Duck tale

My sister in law lives in Timonium, down Baltimore way, and in a nearby town, there’s a house on a corner with a most beguiling feature.

From the street, the lawn of this corner house rises sharply, and at the very top, sits a fair-sized duck made of stone or ceramic. The woman of this house is handy with a sewing needle and quite creative. She dresses up her duck for holidays and such. Christmas, Easter, Valentine’s Day, etc., and always with appropriate, very cute, eye-catching costumes.

When we were visiting there once, it had rained and rained for days. Wanting to see what the woman had done to punctuate the monsoon, we drove by. There it was outfitted in a brilliant yellow slicker, and sitting cheerfully, in a little raft of its own.

Knocked us out.

This morning, my sister in law called and in the course of the conversation, mentioned that the duck today, is arrayed in a red, white, and blue shirt with a Gold Medal draped around its neck – just like a real Olympian winner.

The woman and her duck are now somewhat famous in the area, and there’s been at least one article written about them in the local newspaper.

Ah, but one morning the woman of the house awoke to find her precious duck gone! Stolen! She must have been decimated. But then a short while later she began receiving postcards from the damned duck – from Germany, France, and other countries on the continent. Eventually, her precious animal reappeared at its regular perch at the top of the lawn, none the worse for wear.

Turns out some college kids (most likely) birdnapped the duck, took it on a European tour, then put it back the same way they took it: anonymously.

Around here, it’s geese. Folks dress up a concrete goose on the porch in holiday-specific clothes. There must be a cottage industry of crafty people who make all these costumes somewhere. In February, you’ll even see a few in stovepipe hat and beard.

Concrete geese were such a fad around here for years that some garden centers had whole sections devoted to goose clothes, and all the major sewing pattern companies had patterns for clothes. Some of the ladies who made goose clothing for pin money were our best remnant customers at the fabric shop I worked in. But the fad has faded here…no more newspaper articles, no more kidnapping stories. Since Cleveland is always on the tail-end of most fads (we’ve just now gotten foam parties) it’s refreshing to hear that somewhere else is even more delayed than us!

Wouldn’t it be a little hard to drag a concrete lawn ornament around to so many foreign countries in your carry-on?

Crikey. I’m sorry I bothered to tell the story. I knew from nothing about a cottage industry of Goose Clothiers nor old avian kidnappings. Just thought it was a cute little throw away vignette.

And yes, it would indeed be very hard to drag a concrete lawn ornament around so many foreign countries.

But maybe these college kids realized they could leave the duck stateside, and the joke would still work. Geniuses that they were, they probably knew that, in the first place, the concrete duck couldn’t write. :smack:

We had a log in our neighborhood.

Yeah, a log.

A big old length of wood that turned up at the end like a head.
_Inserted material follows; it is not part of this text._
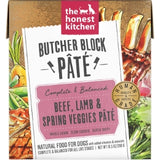 Honest Kitchen Butcher Block Pate for Dogs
Got dressed up every month and on holidays.

Nitpick: I bet you mean “devastated.” “Decimate” = to take a tenth from.

So far, a trifle of monumental silliness, yet I cannot maintain a stoney face…

Tsk, tsk, you shouldn’t toot your own coot like that – you might stoke international resentment in the international concrete waterfowl figurine community…

Clearly a case of fowl play.

Well, seeing as how there was no lasting harm done, other than a few feathers getting ruffled… This case is strictly for the birds.

In other words, a hacker job on a quack job.